4.1 Classification of Univariate Time Datasets

4.1.1 Dataset Introduction

The UCR Time Series Classification Archive [30] contains 85 publicly available time series datasets. These datasets are differentiated according to the number of categories, dataset type, number of samples, and time series length. The datasets are categorized into seven categories, namely, device, ECG, image, motion, sensor, analog, and spectrum. Hence, they prove valuable in evaluating the classifier’s overall performance across different scenarios. Table 1 shows the specific parameters of the 55 datasets from which we have selected. Figure 4 visualizes the training sets for the two datasets, Gun-Point and ECGFiveDays. It is clear to see that the curves corresponding to all the time steps under different labels are different, and the job we have to do is to extract the feature information and then distinguish them correctly.

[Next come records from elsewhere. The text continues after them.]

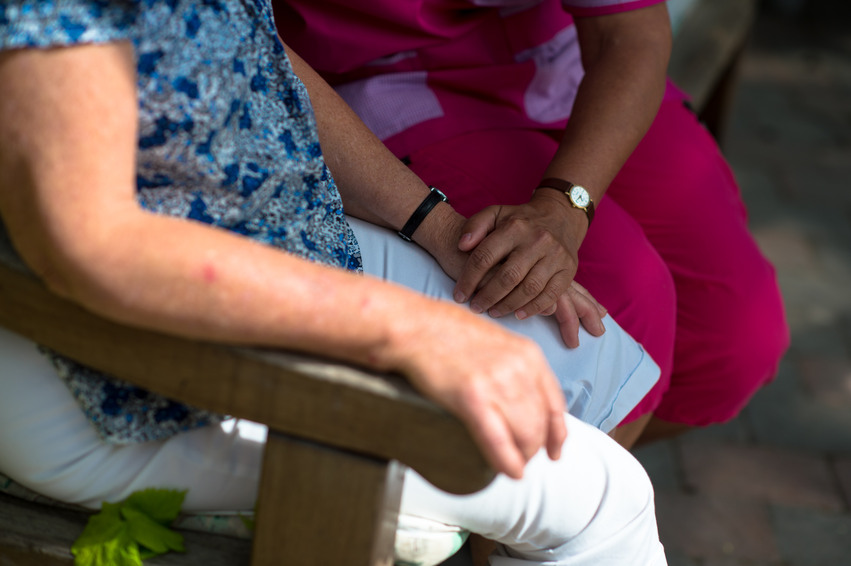 En tjej ur personalen, klädd i sina rosa arbetskläder, sitter på en uteplats och samtalar med en boende i skuggan. Hon håller sin hand ovanpå den äldre damens hand.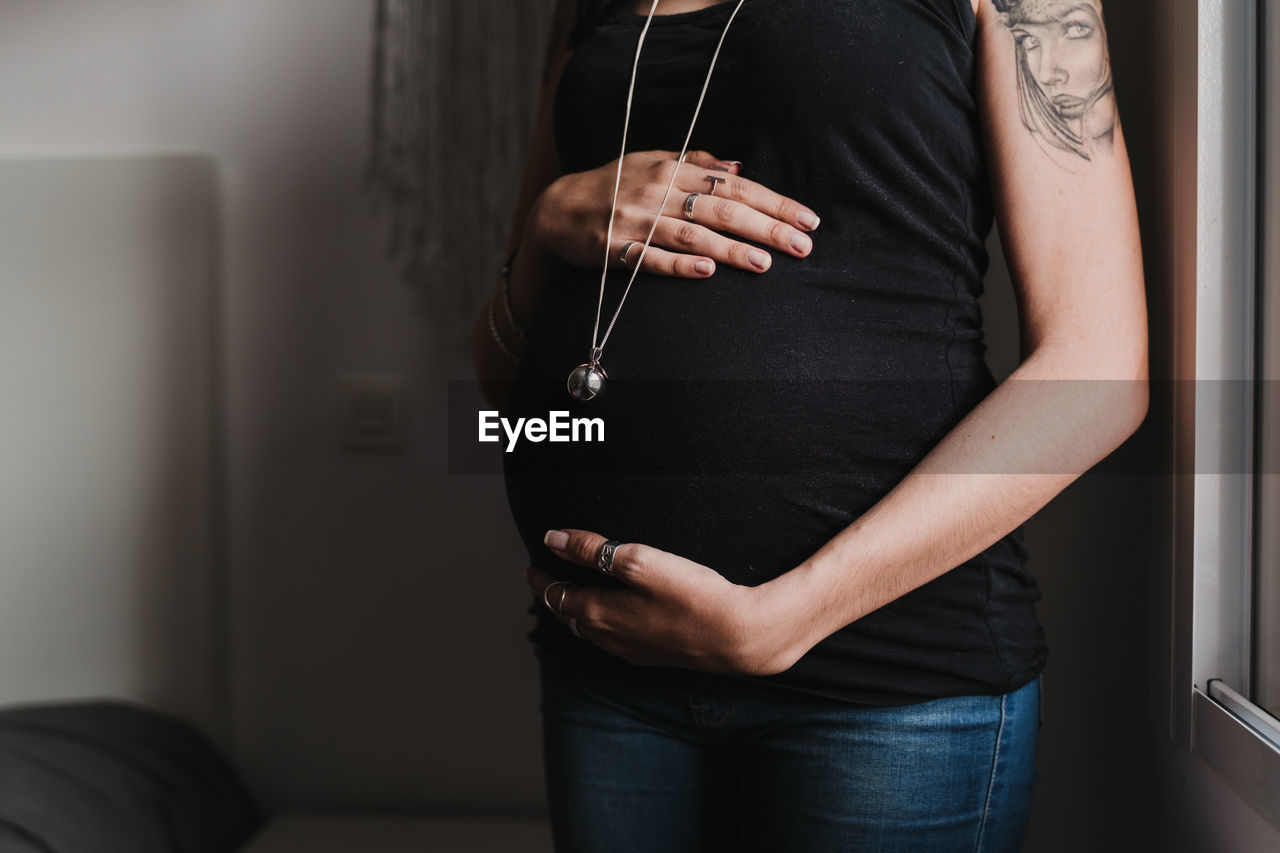 Midsection of pregnant woman standing by window at home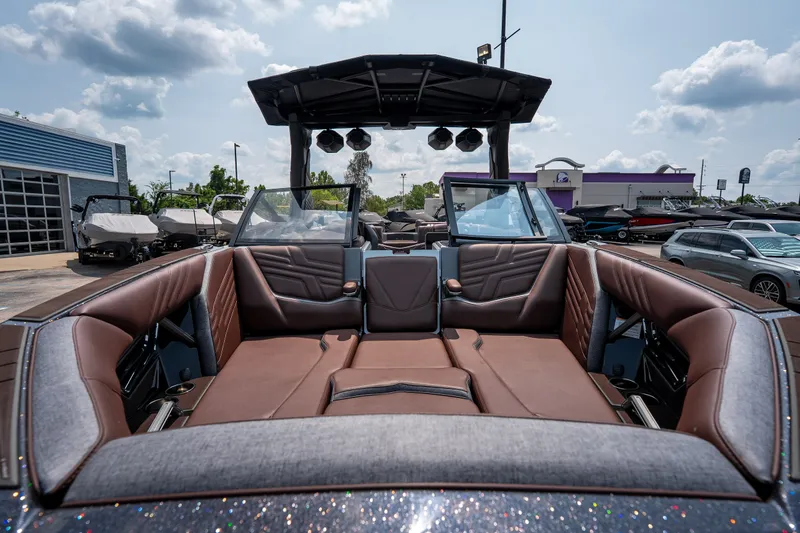 Slide: The Image of 2026 Tigé Ultré 25ZX boat interior with luxurious brown seating and modern design. - 31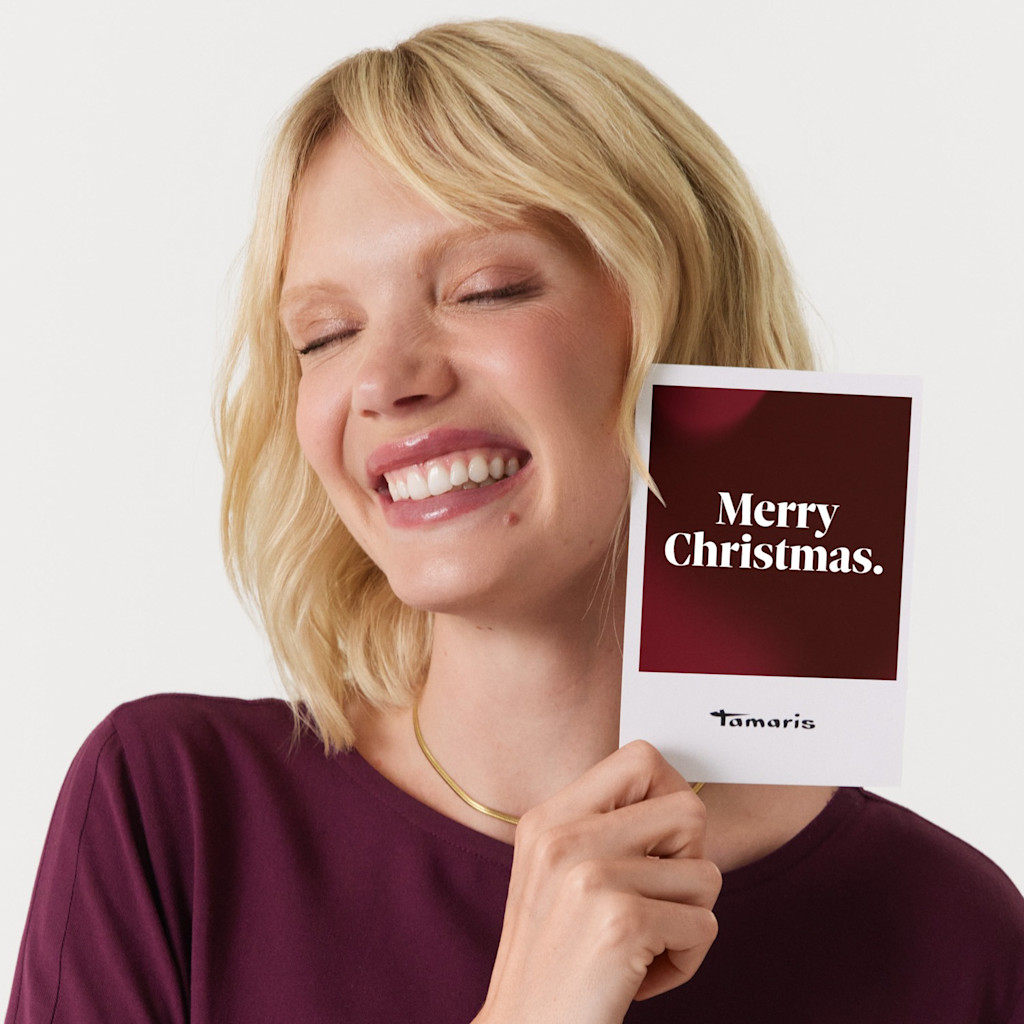 Lächelnde Person in bordeauxrotem Oberteil hält eine weiße Karte mit der Aufschrift "Merry Christmas" von Tamaris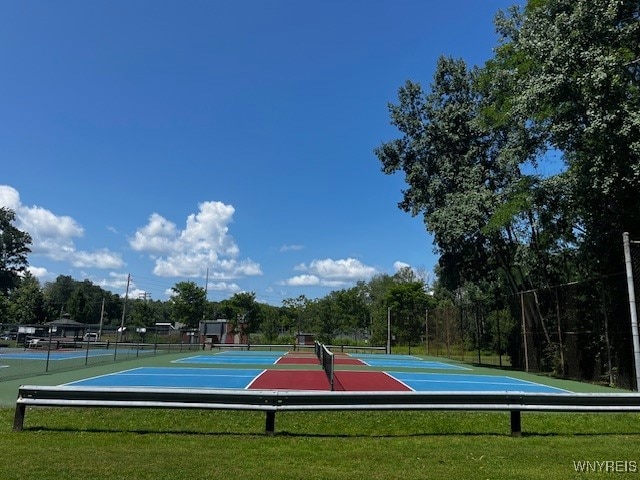 view of basketball court with a yard and tennis court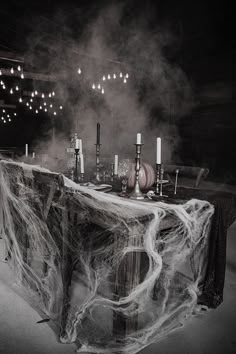 the table is covered with spider web and candles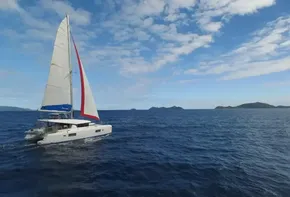 Lagoon 42 catamaran sailing in open sea, 2020 model, under a partly cloudy sky.
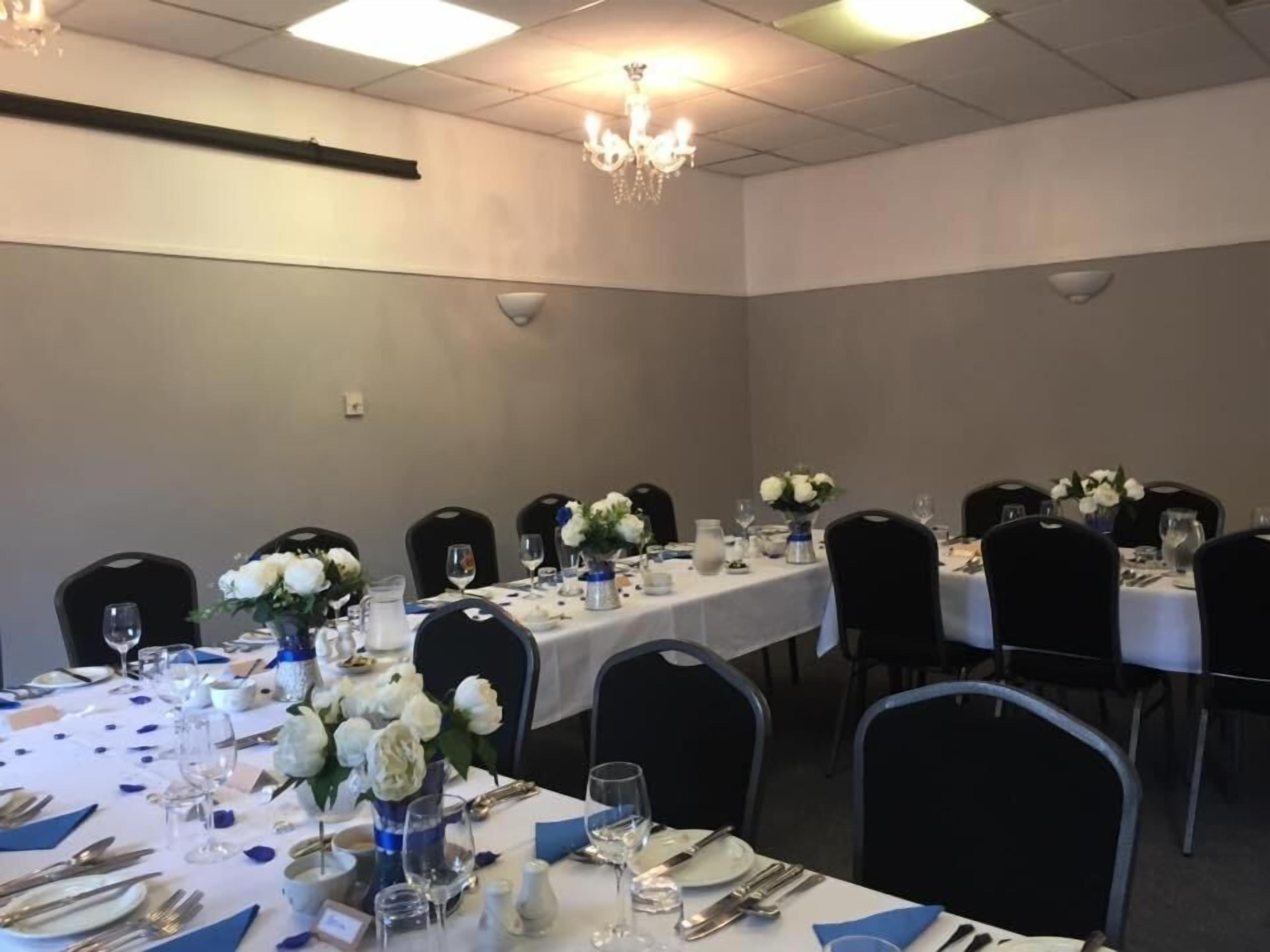 A banquet hall with tables set for a formal event, featuring white tablecloths, floral centerpieces, and black chairs.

Table 1 Parameter details for 55 UCR time series classification datasets
Fig. 4
figure 4

Visualization of temporal data in the training set. a, b Show the data visualization of the dataset Gun-point corresponding to different labels, respectively. c, d are data visualizations corresponding to different labels for ECGFiveDays, respectively. Here, the horizontal axis is the time step, and the vertical axis is the corresponding value

4.1.2 Evaluation Criteria

There are more datasets in the UCR classification archive, and we cannot achieve the best results on every dataset. So, we use a metric on 55 datasets to evaluate the combined effect of the network. Here we use the mean per class error (MPCE) proposed by Wang et al. [31] to obtain the overall error rate. The following is the specific formula for calculating MPCE:

$$\begin{aligned} {\textit{PCE}}= & {} \frac{1-{\textit{Accuracy}}}{{\textit{classes}}} \end{aligned}$$
(3)
$$\begin{aligned} {\textit{MPCE}}= & {} \frac{1}{k}\sum {\textit{PCE}} \end{aligned}$$
(4)

Here, Eq. (3) corresponds to each dataset; the denominator is the category of the corresponding dataset, and the numerator is the error rate. The k in Eq. (4) is the number of datasets. By normalizing the number of classes on the dataset, an overall error rate per class can be obtained. In addition to MPCE, we also introduce GMR (Geometric Mean Ranking) and AMR (Arithmetic Mean Ranking) to evaluate the performance of network models. By AMR, we then introduce the Nemenyi test [32] to compare the performance of models with each other. Here, we give a parameter called critical difference (CD), which is calculated as follows:

$$\begin{aligned} {\textit{CD}}=q_{\alpha }\sqrt{\frac{{n(n+1)}}{6k}} \end{aligned}$$
(5)

where n is the number of network models participating in the comparison, k is the number of datasets, and the q-value of Eq. (5) is specified in Table 2.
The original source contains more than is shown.